(What to produce) Copy only the lines between the one containing "Hi everybody, Damien" and the end of the records, both included, leaving out pictures.

(Stored records)
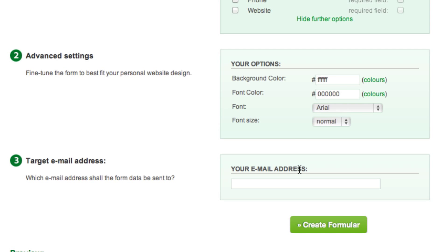Then enter your email address. This is the email address where you will receive the messages from people who type something into the form on your website.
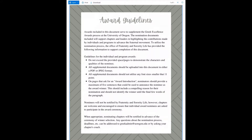Page 3 is the award guidelines. First-time users should read this information to ensure they know what the expectations are for the submission. The key things to remember are: do not exceed the provided space to demonstrate the characters and qualities of the nominee; all supplemental documents should be uploaded in either PDF or JPEG format; and all supplemental documents should not utilize any font sizes smaller than 11 point. On pages that ask for an award introduction, nominators should provide a maximum of five sentences that could be used to announce the nominee as the award winner. This should include a compelling reason for their nomination and should not identify the winner until the final few words of the paragraph.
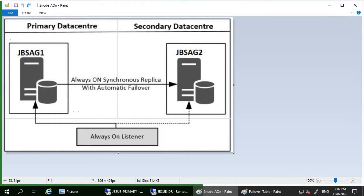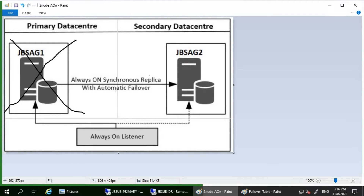Let's consider something happens to JBS AG1, which is currently the primary. When JBS AG1 goes down, the failover target JBS AG2 takes over the primary role, recovers its databases, and brings them online as the new primary. Since we have a listener configured, the application will connect to JBS AG2 automatically. When JBS AG1 becomes available again, it switches to the secondary role and its databases become secondary databases.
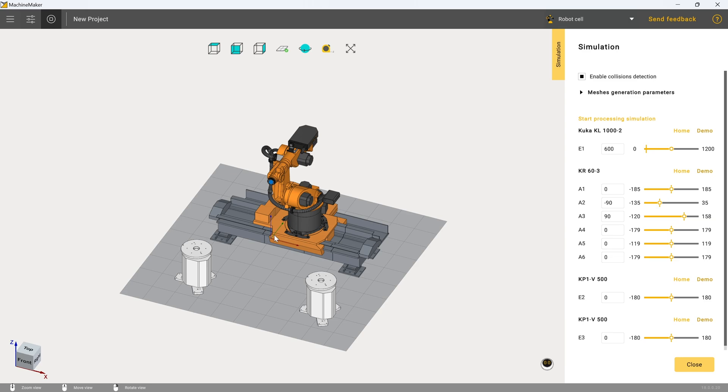In the next video, we're going to be covering the process of bringing in user-defined geometries for setting up external axes.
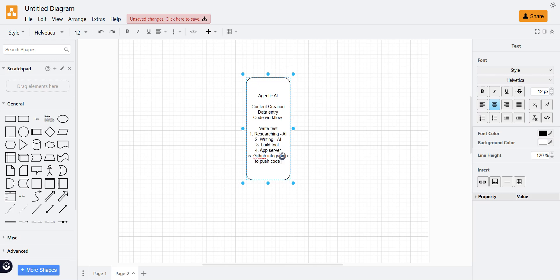All these steps will execute when I trigger the 'write and test' event — whether in a local system, cloud, or live server. When this event runs, all the steps execute one by one automatically without any human intervention. Researching, writing the code, building, testing, and publishing to GitHub will all be done without manual intervention. This is where we're heading — perhaps in 2025, 2026, or the coming years, such tools will exist.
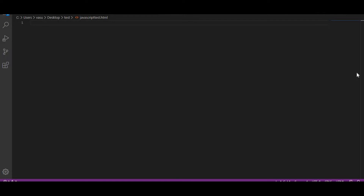Hello everyone, welcome back to Coding Tricks. In this session we are going to see how we can write JavaScript code, how we can execute it, and where to write the script — where to write the JavaScript coding.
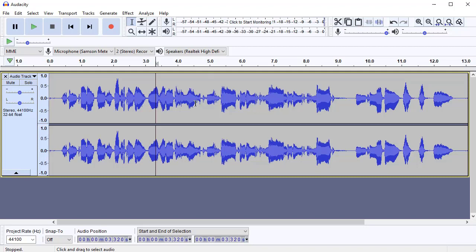So I hope that gives you an idea of how Audacity chains work, how you can set them up, and how they might save you a bit of time in your podcast editing.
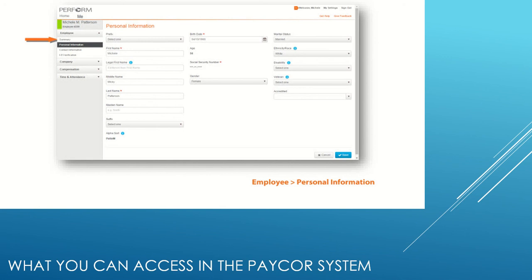Here you can edit and modify your name, marital status, ethnicity, disability, and veteran status. You can change your last name and update any necessary information, then save it. Under Contact Information, you can change your phone number and addresses if they change.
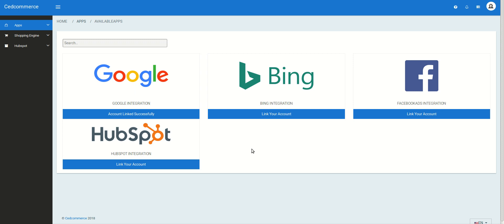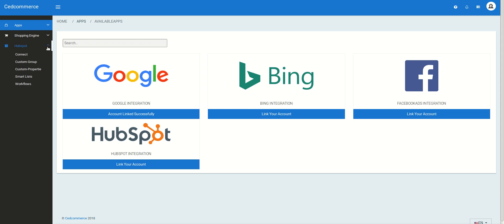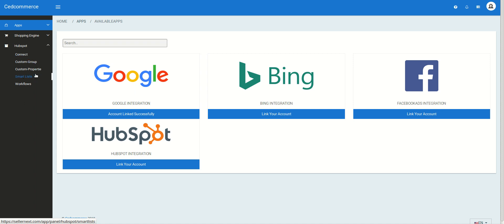All the data has now been synced between SellerNext and HubSpot, and this has been done via the SellerNext platform. The data has been synced from Magento 2 to HubSpot via SellerNext. On the left side, clicking on HubSpot shows that all the data — including custom groups, custom properties, and smart lists — has been linked and created on HubSpot.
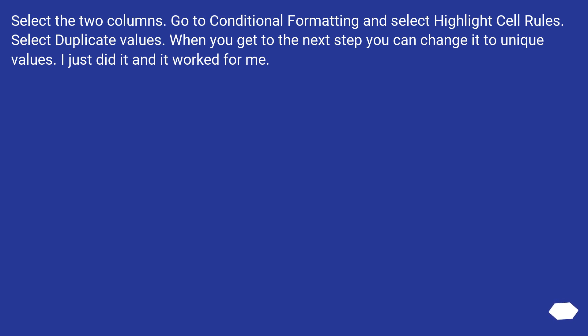Select the two columns. Go to Conditional Formatting and select Highlight Cell Rules. Select Duplicate Values. When you get to the next step you can change it to unique values. I just did it and it worked for me.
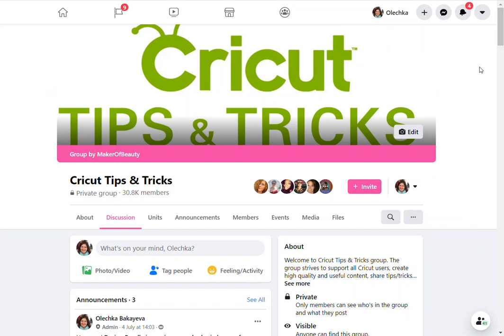Hey guys, this is Maker of Beauty, also known as Orichka. I am the admin of a Cricut tips and tricks group and I just wanted to give an in-depth video explaining some of the rules, or rather the logic behind the rules that govern this group.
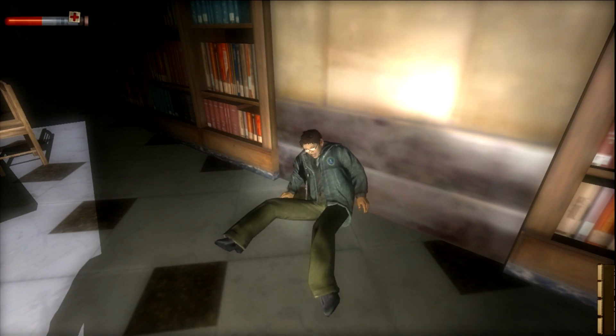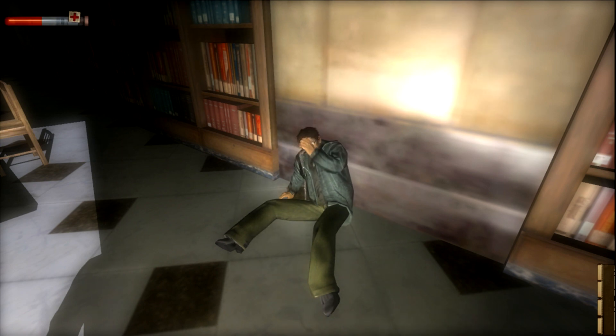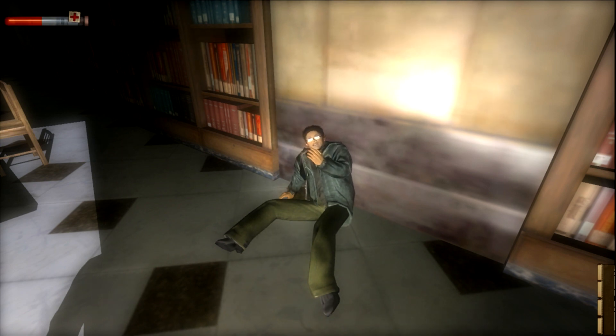He must have clobbered me in the back of the head before taking off. Are you okay? There were these shadowy things standing over you.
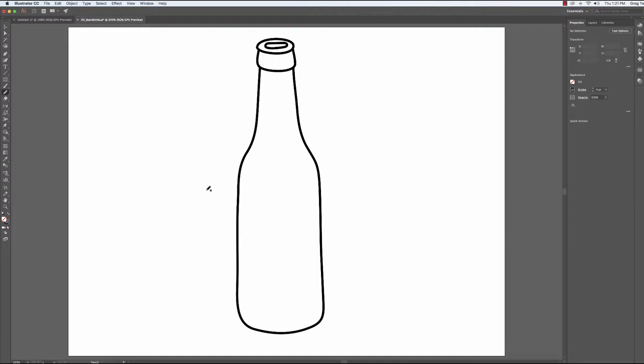So I'm going to be using the file that we downloaded from this session, the beer bottle, and the beer bottle will give us the opportunity to just work on a few little things.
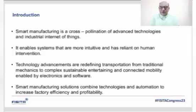Ladies and gentlemen, my name is Muhammad Suleiman Nadal. I am going to present a technical paper on Smart Manufacturing.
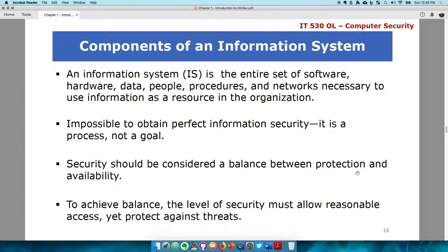Components of information security — what makes up information security? There isn't one limited set of things that make up an information system; rather, there are entire processes as well as types of data, people, procedures, and networks — a lot of things within an organization that come together to make up an information system. It is not possible to obtain perfect information security because there will always be a vulnerability one way or another. Your ability to protect as much as you can and find a balance between protection and availability is what is required.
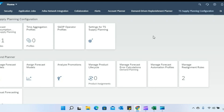Just to give you some background: my client is primarily running a supply planning run which is optimizer-based. When we run the supply plan using the optimizer, it generates a constraint plan. For example, if I have a demand of 10,000 at the DC, that demand flows from the DC to the factory as dependent demand — so 10,000 is the demand at the DC and 10,000 is the dependent demand at the factory.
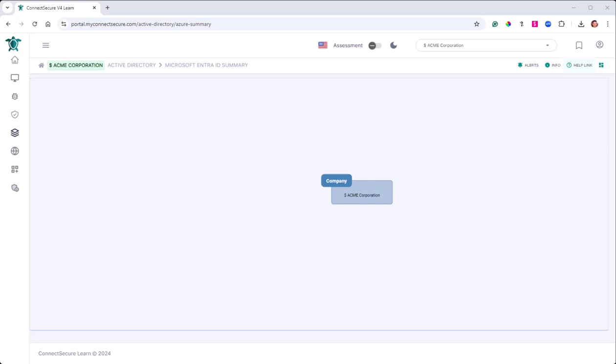Welcome. In this video, we're going to cover the company level Microsoft Entra ID summary.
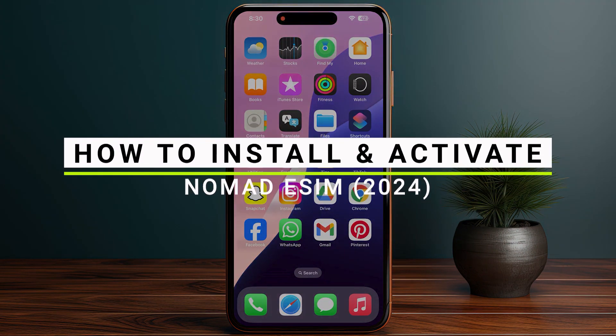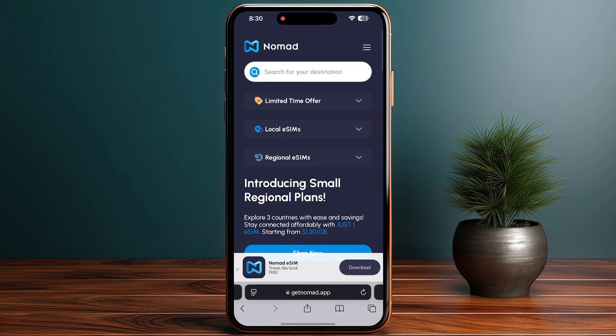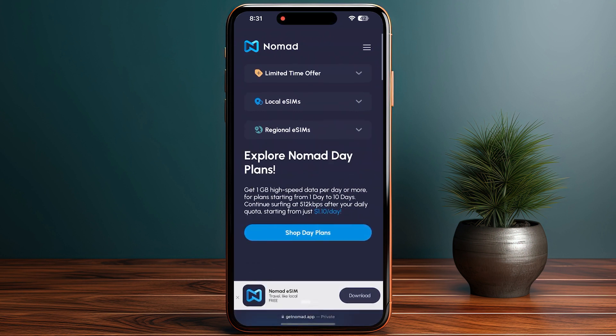How to install and activate the Nomad eSIM. Go into Safari or any browser you are using, or you can also go to the Nomad website. From here, you have to check your phone compatibility — make sure that your phone is eSIM compatible. After that, go to the Nomad website and purchase your eSIM.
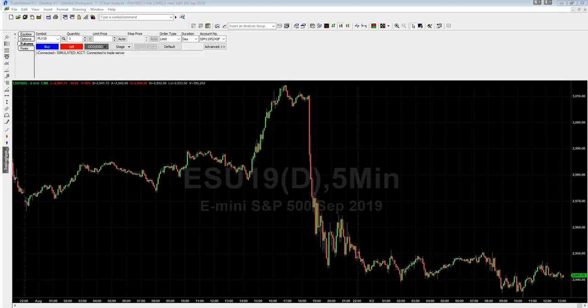Hi everybody, Damien here from Trade the 5th, hope you're all well. I just want to give you guys a quick introduction and installation guide on our new BITS platform for TradeStation 9.5. BITS stands for Breakout Intelligent Trading Signals.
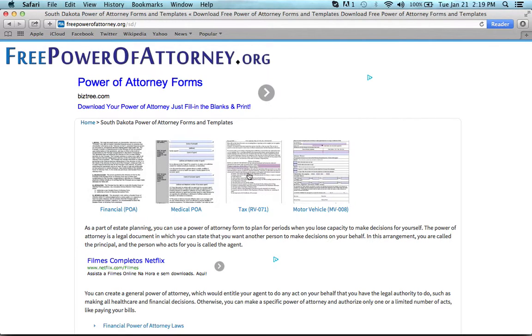The tax, for all tax filings within the state. And the motor vehicle, so that you can choose someone else to handle titling, registration, or transfer of a vehicle.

(Solution)
Hi everybody, Damien here from Trade the 5th, hope you're all well. I just want to give you guys a quick introduction and installation guide on our new BITS platform for TradeStation 9.5. BITS stands for Breakout Intelligent Trading Signals.
The tax, for all tax filings within the state. And the motor vehicle, so that you can choose someone else to handle titling, registration, or transfer of a vehicle.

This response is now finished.